Work item =>
Your response to the data below should hold nothing except the lines from the one containing "Chevalier women's ring." down to the one containing "113 Ebenezer Bluff Way - Photo 7 of 21", reproduced exactly and without pictures.

Supplied records =>
'''

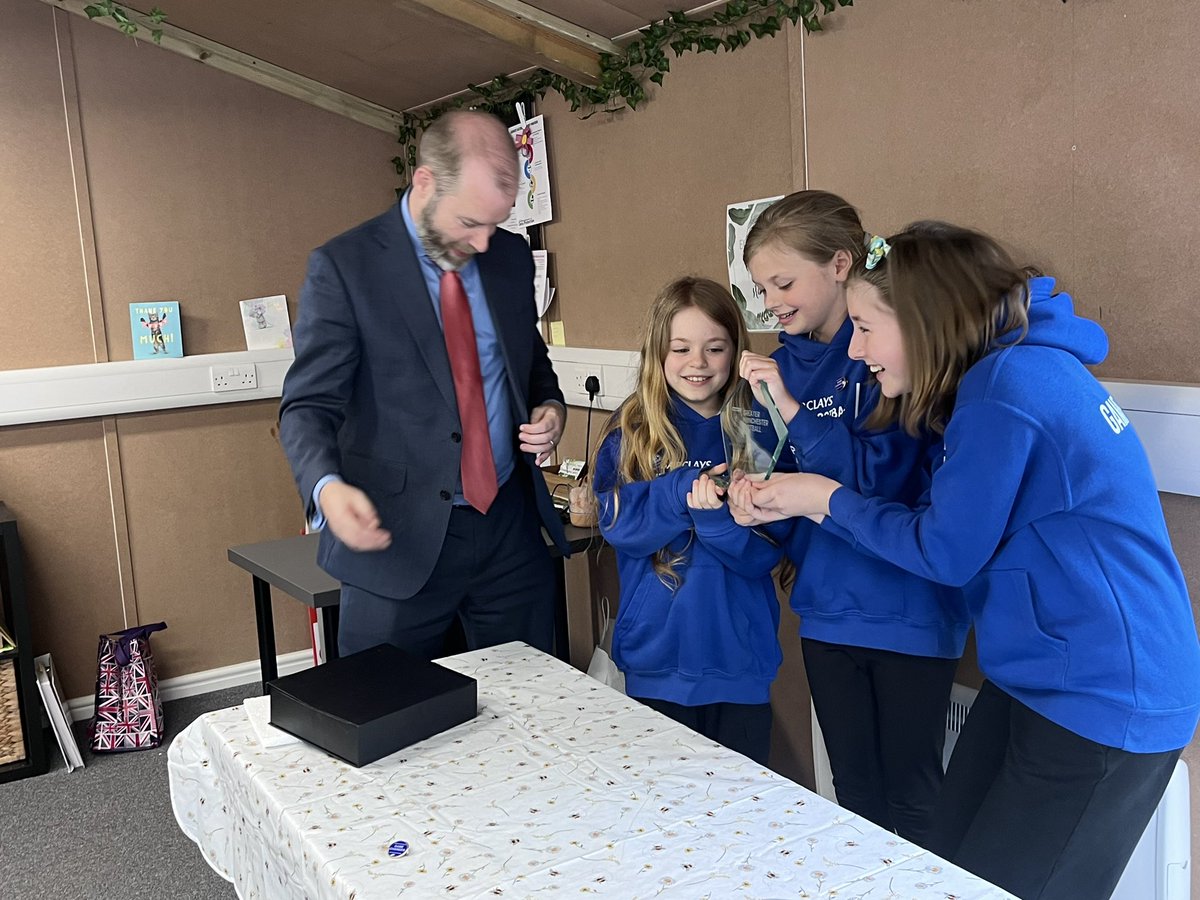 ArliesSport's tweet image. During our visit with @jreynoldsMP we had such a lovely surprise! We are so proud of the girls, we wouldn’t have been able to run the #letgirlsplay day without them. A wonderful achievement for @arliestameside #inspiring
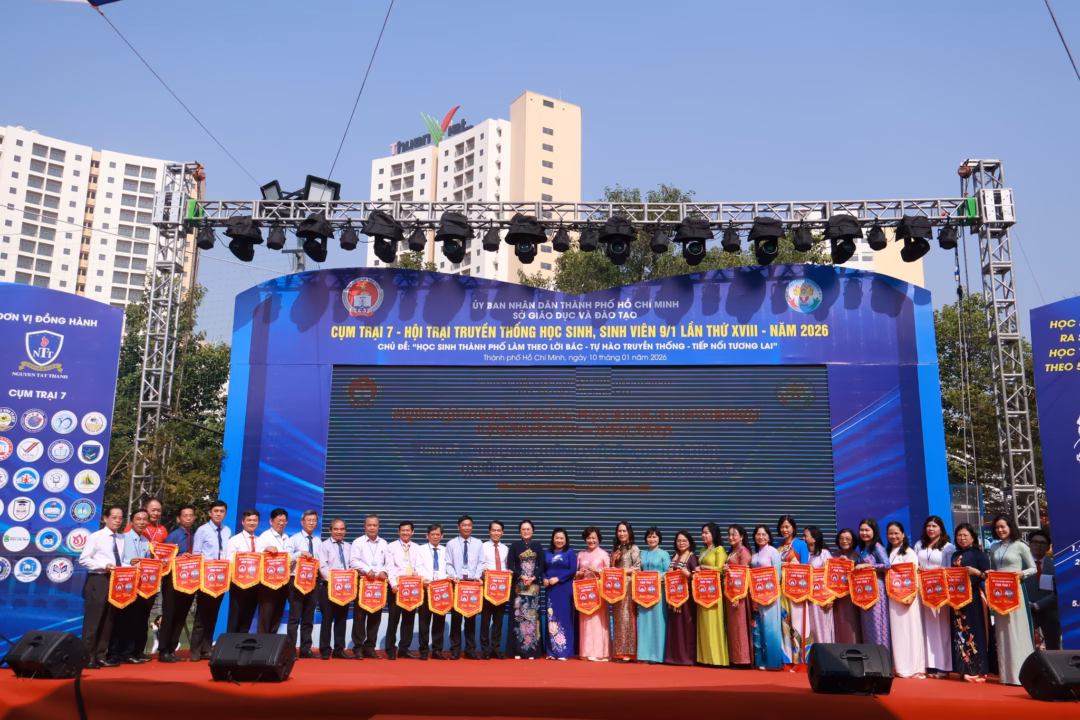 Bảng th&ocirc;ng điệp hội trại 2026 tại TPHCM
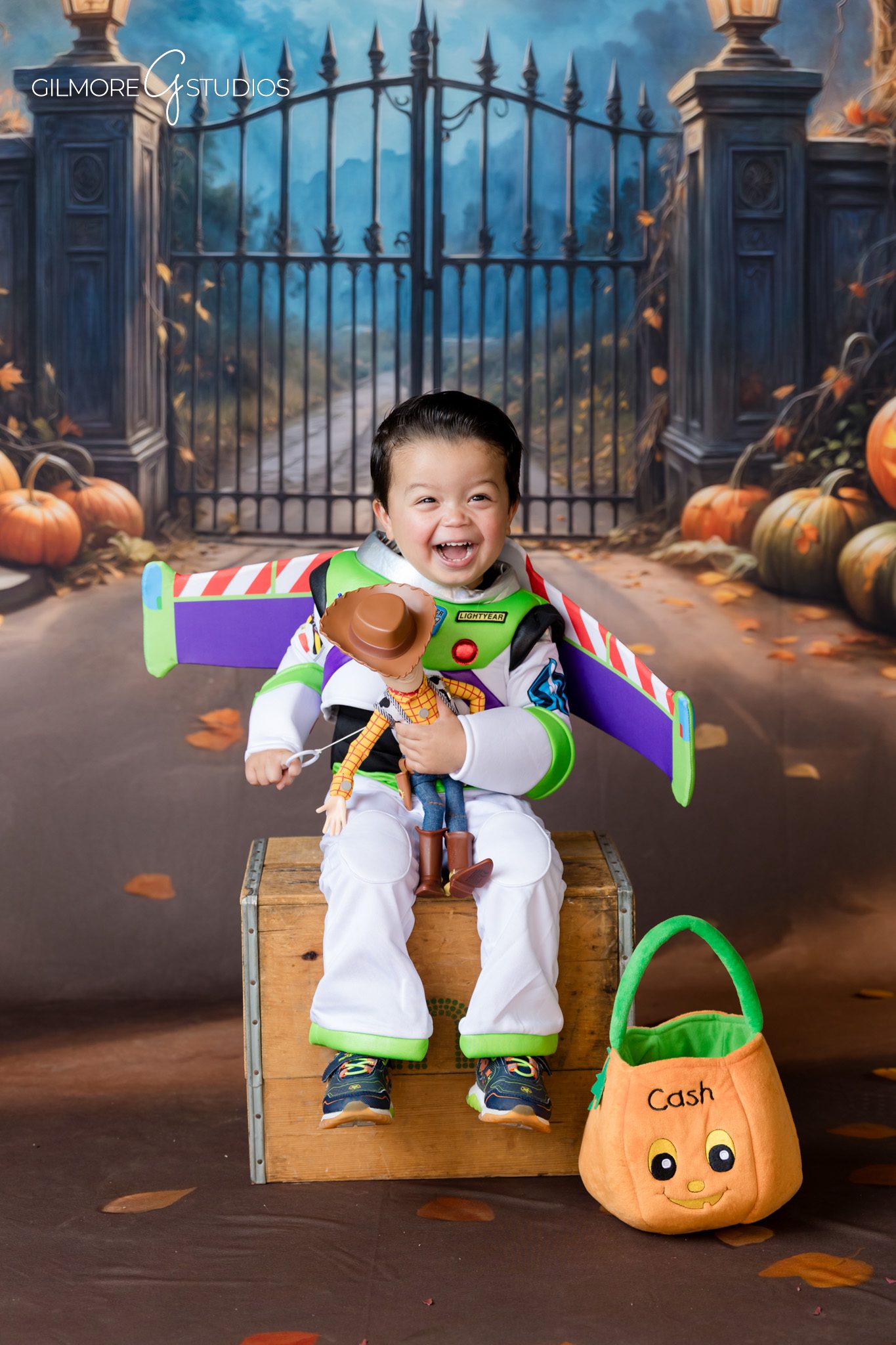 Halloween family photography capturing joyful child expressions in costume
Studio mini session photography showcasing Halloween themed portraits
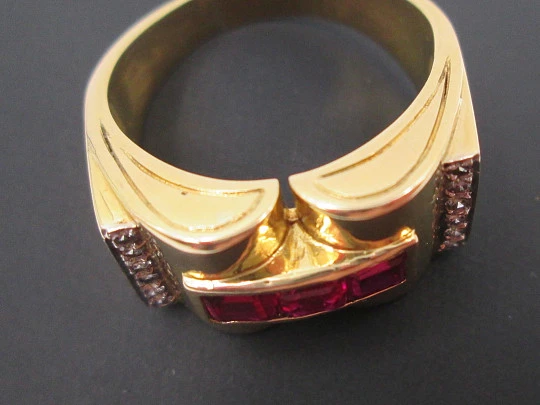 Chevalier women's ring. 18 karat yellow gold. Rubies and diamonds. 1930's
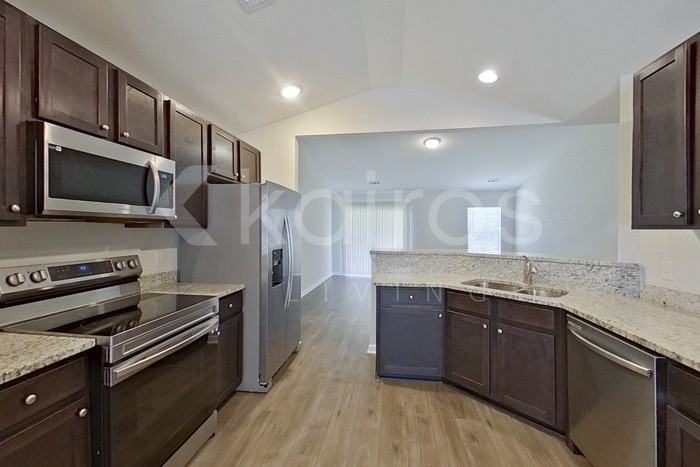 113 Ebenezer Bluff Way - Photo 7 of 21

'''
'''

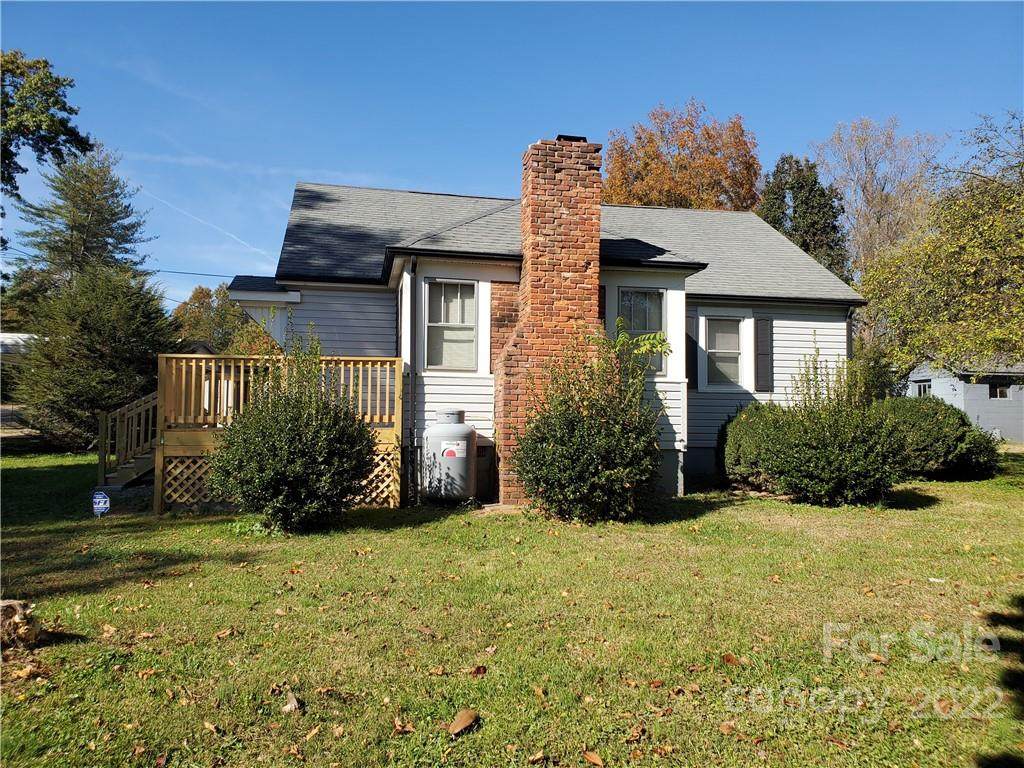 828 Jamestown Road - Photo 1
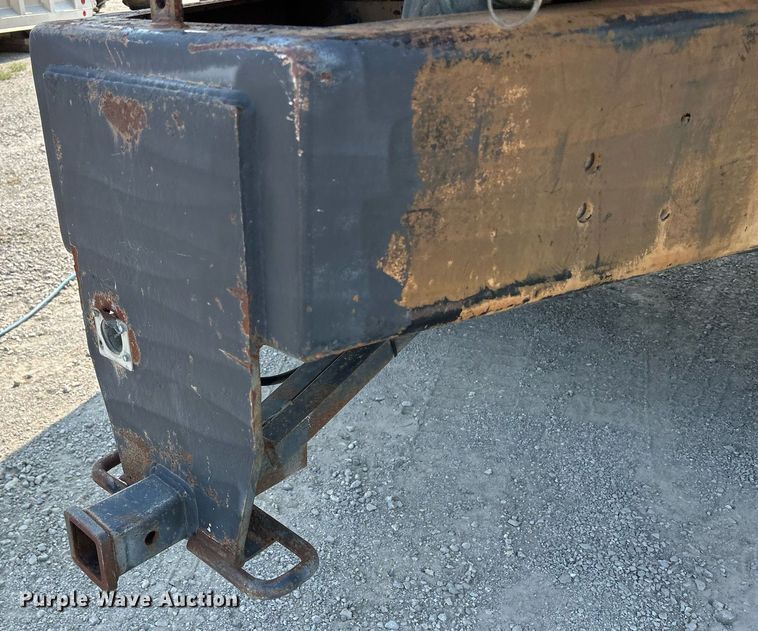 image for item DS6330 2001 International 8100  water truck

'''

Answer section =>
 Chevalier women's ring. 18 karat yellow gold. Rubies and diamonds. 1930's
 113 Ebenezer Bluff Way - Photo 7 of 21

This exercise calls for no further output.